Of course, this doesn't allow overlays. With pure evaluation, the only way to
have these is to define a top-level flake that depends on the Nixpkgs flake and
somehow passes in a set of overlays.
## Hydra jobset dependencies
Hydra can use the flake dependency resolution mechanism to fetch dependencies.

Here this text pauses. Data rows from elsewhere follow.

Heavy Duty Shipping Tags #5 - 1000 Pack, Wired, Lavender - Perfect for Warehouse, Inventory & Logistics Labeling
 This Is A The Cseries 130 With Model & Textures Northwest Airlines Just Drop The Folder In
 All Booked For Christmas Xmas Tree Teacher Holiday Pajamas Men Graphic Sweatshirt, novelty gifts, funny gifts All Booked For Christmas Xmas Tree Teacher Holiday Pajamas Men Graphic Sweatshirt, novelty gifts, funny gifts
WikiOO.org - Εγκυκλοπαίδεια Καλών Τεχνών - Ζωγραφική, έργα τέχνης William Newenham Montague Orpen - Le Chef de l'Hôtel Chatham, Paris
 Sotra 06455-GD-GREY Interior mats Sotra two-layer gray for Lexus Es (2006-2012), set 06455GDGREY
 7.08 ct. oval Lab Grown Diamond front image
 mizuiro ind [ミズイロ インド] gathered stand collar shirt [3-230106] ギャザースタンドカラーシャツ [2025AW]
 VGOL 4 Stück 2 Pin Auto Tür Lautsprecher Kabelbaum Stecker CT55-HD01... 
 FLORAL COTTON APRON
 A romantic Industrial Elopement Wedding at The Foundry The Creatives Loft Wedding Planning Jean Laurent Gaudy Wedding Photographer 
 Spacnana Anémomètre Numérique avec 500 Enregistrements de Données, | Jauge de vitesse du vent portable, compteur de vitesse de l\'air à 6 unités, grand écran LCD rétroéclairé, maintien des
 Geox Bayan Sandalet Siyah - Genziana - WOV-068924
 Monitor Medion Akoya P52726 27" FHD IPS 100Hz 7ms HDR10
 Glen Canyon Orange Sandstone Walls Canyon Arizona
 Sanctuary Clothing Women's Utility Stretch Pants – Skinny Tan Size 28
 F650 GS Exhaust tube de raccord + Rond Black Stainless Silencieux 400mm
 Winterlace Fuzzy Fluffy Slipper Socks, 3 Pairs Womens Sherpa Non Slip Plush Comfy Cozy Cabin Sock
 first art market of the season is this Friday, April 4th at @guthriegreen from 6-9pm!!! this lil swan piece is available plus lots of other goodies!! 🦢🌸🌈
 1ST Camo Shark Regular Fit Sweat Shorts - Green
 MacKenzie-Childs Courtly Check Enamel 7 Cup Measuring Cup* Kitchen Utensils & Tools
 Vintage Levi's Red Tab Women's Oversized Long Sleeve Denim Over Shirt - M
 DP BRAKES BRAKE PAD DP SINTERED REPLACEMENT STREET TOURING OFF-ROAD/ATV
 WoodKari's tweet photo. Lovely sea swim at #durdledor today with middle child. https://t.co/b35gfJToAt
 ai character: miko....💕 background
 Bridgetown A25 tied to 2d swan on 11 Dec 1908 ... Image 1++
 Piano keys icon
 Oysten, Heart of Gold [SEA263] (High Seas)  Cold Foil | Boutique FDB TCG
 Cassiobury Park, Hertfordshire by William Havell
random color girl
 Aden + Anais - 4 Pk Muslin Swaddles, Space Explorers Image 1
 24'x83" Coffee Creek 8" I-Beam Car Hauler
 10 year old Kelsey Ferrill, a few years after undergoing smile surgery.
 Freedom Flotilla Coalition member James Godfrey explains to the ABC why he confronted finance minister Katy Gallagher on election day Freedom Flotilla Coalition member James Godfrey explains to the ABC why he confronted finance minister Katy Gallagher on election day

This allows us to get rid of jobset configuration in the web interface: a
jobset only requires a flake reference. That is, a jobset *is* a flake. Hydra
then just builds the `hydraJobs` attrset
## NixOS system configuration
NixOS currently contains a lot of modules that really should be moved into
their own repositories. For example, it contains a Hydra module that duplicates
the one in the Hydra repository. Also, we want reproducible evaluation for
NixOS system configurations. So NixOS system configurations should be stored as
flakes in (local) Git repositories.
`my-system/flake.nix`:
```nix
{
name = "my-system";
edition = 201906;
inputs =
[ "nixpkgs/nixos-18.09"
"dwarffs"
"hydra"
... lots of other module flakes ...
];
outputs = flakes: {
nixosSystems.default =
flakes.nixpkgs.lib.evalModules {
modules =
[ { networking.firewall.enable = true;
hydra.useSubstitutes = true;
}
# The latter could be extracted automatically from `flakes`.
flakes.dwarffs.nixosModules.dwarffs
flakes.hydra.nixosModules.hydra
];
};
};
}
```
We can then build the system:
```
nixos-rebuild switch --flake ~/my-system
```
This performs dependency resolution starting at `~/my-system/flake.nix` and
builds the `system` attribute in `nixosSystems.default`.